***** Dataset records

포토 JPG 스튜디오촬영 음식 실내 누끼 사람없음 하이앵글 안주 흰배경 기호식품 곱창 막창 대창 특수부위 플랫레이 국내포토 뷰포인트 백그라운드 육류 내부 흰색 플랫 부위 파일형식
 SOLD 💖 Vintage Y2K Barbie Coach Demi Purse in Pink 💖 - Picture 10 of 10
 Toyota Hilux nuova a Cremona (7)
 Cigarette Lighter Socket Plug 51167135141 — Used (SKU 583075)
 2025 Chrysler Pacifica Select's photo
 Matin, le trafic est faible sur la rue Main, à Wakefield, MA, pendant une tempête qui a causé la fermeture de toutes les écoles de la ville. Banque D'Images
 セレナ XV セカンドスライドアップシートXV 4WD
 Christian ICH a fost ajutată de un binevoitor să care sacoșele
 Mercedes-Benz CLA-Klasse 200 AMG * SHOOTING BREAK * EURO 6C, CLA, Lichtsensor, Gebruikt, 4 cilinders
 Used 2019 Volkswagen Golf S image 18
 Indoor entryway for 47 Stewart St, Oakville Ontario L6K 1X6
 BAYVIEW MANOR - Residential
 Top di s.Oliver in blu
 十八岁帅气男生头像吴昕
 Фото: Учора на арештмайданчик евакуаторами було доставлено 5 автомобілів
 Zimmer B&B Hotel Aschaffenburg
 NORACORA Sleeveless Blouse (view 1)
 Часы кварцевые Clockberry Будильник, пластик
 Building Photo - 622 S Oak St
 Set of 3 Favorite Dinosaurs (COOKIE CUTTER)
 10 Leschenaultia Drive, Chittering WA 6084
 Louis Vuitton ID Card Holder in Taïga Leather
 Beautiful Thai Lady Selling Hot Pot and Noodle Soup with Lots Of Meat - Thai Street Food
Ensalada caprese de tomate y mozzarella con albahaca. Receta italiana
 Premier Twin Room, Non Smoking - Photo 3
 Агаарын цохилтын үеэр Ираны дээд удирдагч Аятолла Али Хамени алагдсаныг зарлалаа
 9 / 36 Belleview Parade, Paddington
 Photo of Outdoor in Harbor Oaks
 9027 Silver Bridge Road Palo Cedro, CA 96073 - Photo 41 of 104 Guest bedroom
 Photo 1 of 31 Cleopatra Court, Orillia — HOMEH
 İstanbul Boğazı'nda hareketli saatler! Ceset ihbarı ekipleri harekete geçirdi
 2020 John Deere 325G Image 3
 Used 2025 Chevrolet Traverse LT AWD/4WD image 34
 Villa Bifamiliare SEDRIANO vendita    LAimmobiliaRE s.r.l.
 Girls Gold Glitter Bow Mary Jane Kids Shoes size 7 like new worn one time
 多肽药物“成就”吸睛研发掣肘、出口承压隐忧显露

**********

• _What you need to do_
Please give the data again in full, exactly as written.

• _Answer space_
포토 JPG 스튜디오촬영 음식 실내 누끼 사람없음 하이앵글 안주 흰배경 기호식품 곱창 막창 대창 특수부위 플랫레이 국내포토 뷰포인트 백그라운드 육류 내부 흰색 플랫 부위 파일형식
 SOLD 💖 Vintage Y2K Barbie Coach Demi Purse in Pink 💖 - Picture 10 of 10
 Toyota Hilux nuova a Cremona (7)
 Cigarette Lighter Socket Plug 51167135141 — Used (SKU 583075)
 2025 Chrysler Pacifica Select's photo
 Matin, le trafic est faible sur la rue Main, à Wakefield, MA, pendant une tempête qui a causé la fermeture de toutes les écoles de la ville. Banque D'Images
 セレナ XV セカンドスライドアップシートXV 4WD
 Christian ICH a fost ajutată de un binevoitor să care sacoșele
 Mercedes-Benz CLA-Klasse 200 AMG * SHOOTING BREAK * EURO 6C, CLA, Lichtsensor, Gebruikt, 4 cilinders
 Used 2019 Volkswagen Golf S image 18
 Indoor entryway for 47 Stewart St, Oakville Ontario L6K 1X6
 BAYVIEW MANOR - Residential
 Top di s.Oliver in blu
 十八岁帅气男生头像吴昕
 Фото: Учора на арештмайданчик евакуаторами було доставлено 5 автомобілів
 Zimmer B&B Hotel Aschaffenburg
 NORACORA Sleeveless Blouse (view 1)
 Часы кварцевые Clockberry Будильник, пластик
 Building Photo - 622 S Oak St
 Set of 3 Favorite Dinosaurs (COOKIE CUTTER)
 10 Leschenaultia Drive, Chittering WA 6084
 Louis Vuitton ID Card Holder in Taïga Leather
 Beautiful Thai Lady Selling Hot Pot and Noodle Soup with Lots Of Meat - Thai Street Food
Ensalada caprese de tomate y mozzarella con albahaca. Receta italiana
 Premier Twin Room, Non Smoking - Photo 3
 Агаарын цохилтын үеэр Ираны дээд удирдагч Аятолла Али Хамени алагдсаныг зарлалаа
 9 / 36 Belleview Parade, Paddington
 Photo of Outdoor in Harbor Oaks
 9027 Silver Bridge Road Palo Cedro, CA 96073 - Photo 41 of 104 Guest bedroom
 Photo 1 of 31 Cleopatra Court, Orillia — HOMEH
 İstanbul Boğazı'nda hareketli saatler! Ceset ihbarı ekipleri harekete geçirdi
 2020 John Deere 325G Image 3
 Used 2025 Chevrolet Traverse LT AWD/4WD image 34
 Villa Bifamiliare SEDRIANO vendita    LAimmobiliaRE s.r.l.
 Girls Gold Glitter Bow Mary Jane Kids Shoes size 7 like new worn one time
 多肽药物“成就”吸睛研发掣肘、出口承压隐忧显露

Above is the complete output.